## Aim of the exercise
Although the records contain pictures, only their text should be repeated, exactly as it stands.

Short descriptive text snippets
--------

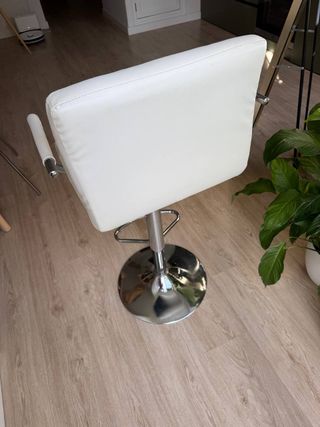 Taburete Alto Bar Blanco Regulable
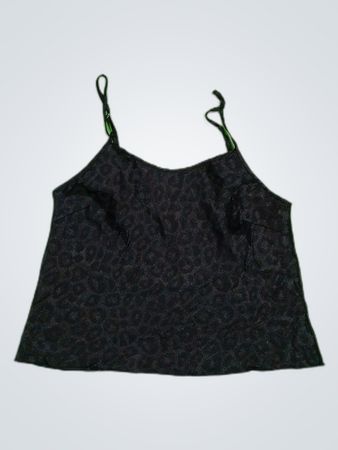 Y2K All Black Rave Cami Tops
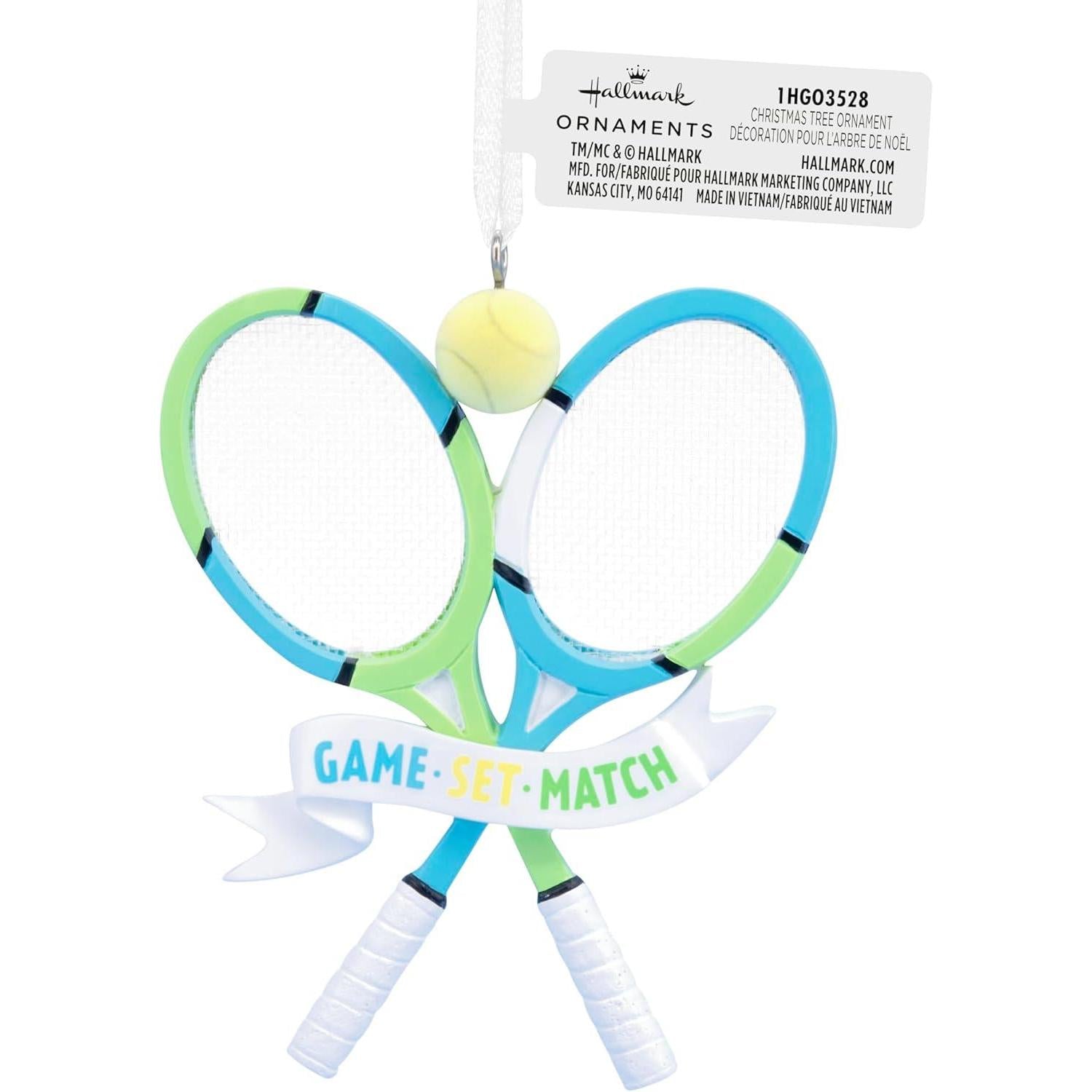 2024 Game Set Match Hallmark Ornament (Sports & Activities) 1HGO3528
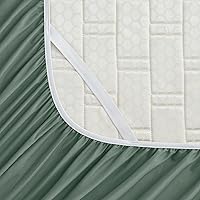 Vista 125 de Empyrean Charcoal Grey Extra Deep Pocket Fitted Sheet Full Size, Hotel Luxury Deep Pocket Full Size Fitted Sheet Only Easily Fits 18 to 24 Inch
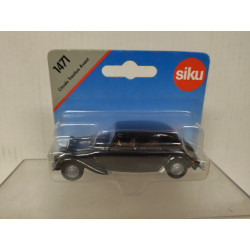 CITROEN TRACTION AVANT BLACK 1:55/apx 1:64 SIKU 1471 BOX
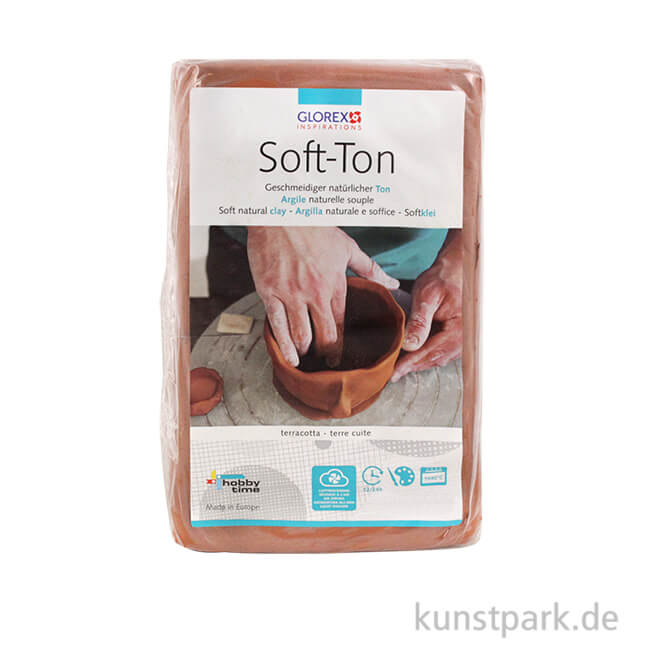 Artikelbild 1 des Artikels “Soft-Ton terracotta, lufthärtend 500 g“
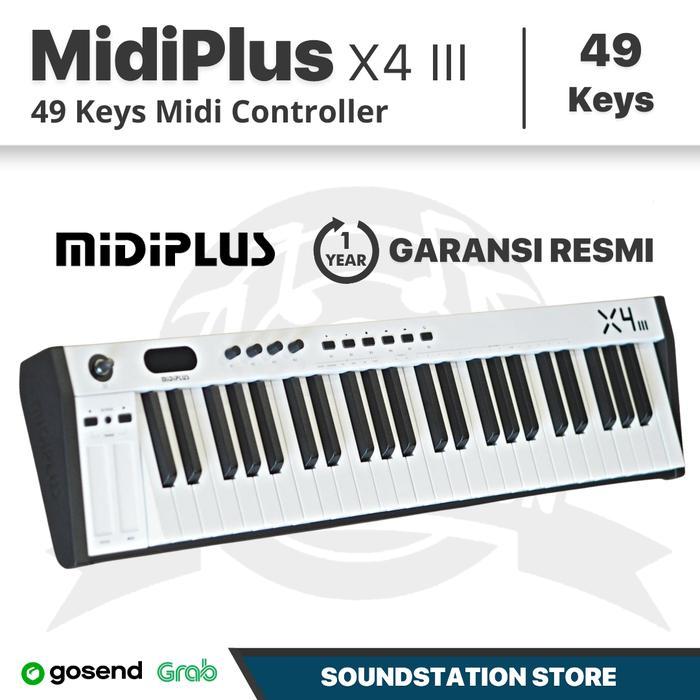 MIDI CONTROLLER 49 KEYS MIDIPLUS X4 III SERIES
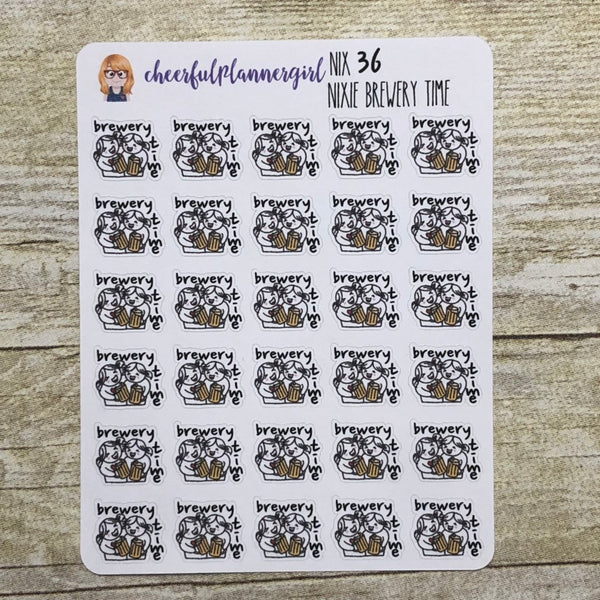Nixie Brewery Time Planner Stickers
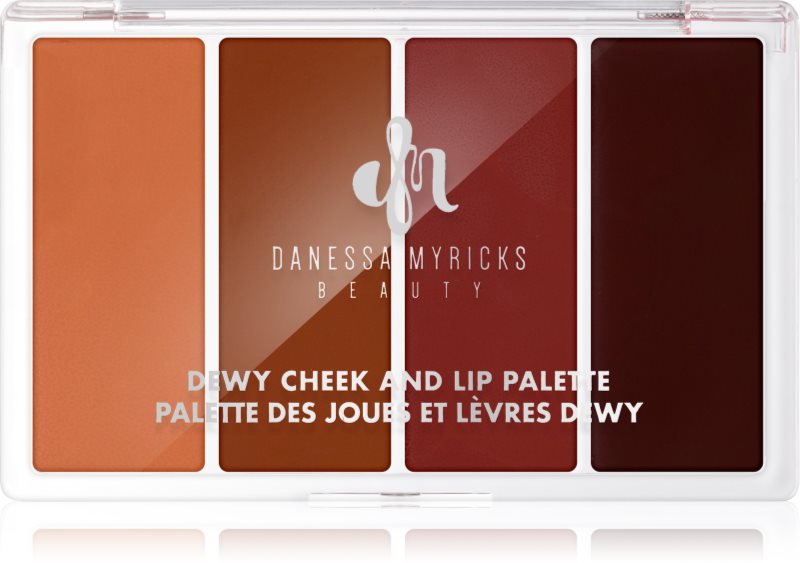 Danessa Myricks Beauty Dewy Cheek & Lip Palette paleta pentru fata multifunctionala faciale culoare Dew It Undercover 25 g
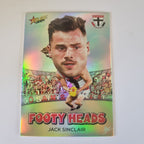 2024 Select Footy Stars - Footy Heads - FH74 - J. Sinclair - St Kilda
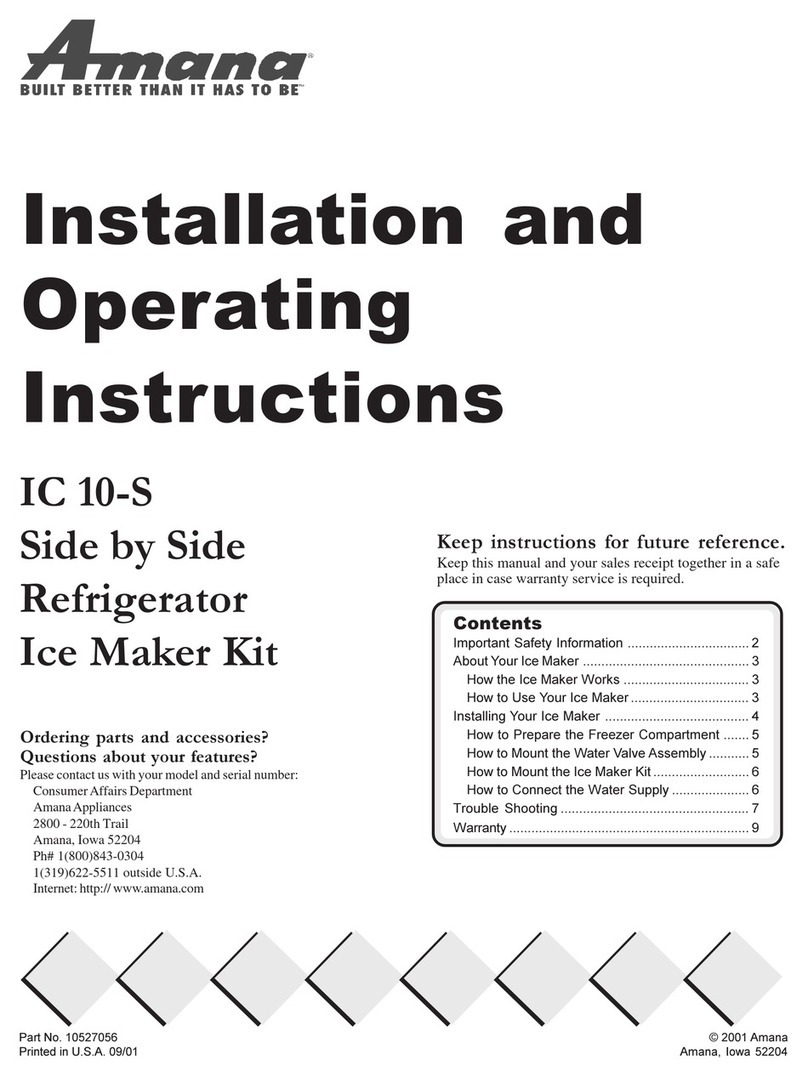 Amana IC10-S and User manual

--------

## Completed task
 Taburete Alto Bar Blanco Regulable
 Y2K All Black Rave Cami Tops
 2024 Game Set Match Hallmark Ornament (Sports & Activities) 1HGO3528
 Vista 125 de Empyrean Charcoal Grey Extra Deep Pocket Fitted Sheet Full Size, Hotel Luxury Deep Pocket Full Size Fitted Sheet Only Easily Fits 18 to 24 Inch
 CITROEN TRACTION AVANT BLACK 1:55/apx 1:64 SIKU 1471 BOX
 Artikelbild 1 des Artikels “Soft-Ton terracotta, lufthärtend 500 g“
 MIDI CONTROLLER 49 KEYS MIDIPLUS X4 III SERIES
Nixie Brewery Time Planner Stickers
 Danessa Myricks Beauty Dewy Cheek & Lip Palette paleta pentru fata multifunctionala faciale culoare Dew It Undercover 25 g
 2024 Select Footy Stars - Footy Heads - FH74 - J. Sinclair - St Kilda
 Amana IC10-S and User manual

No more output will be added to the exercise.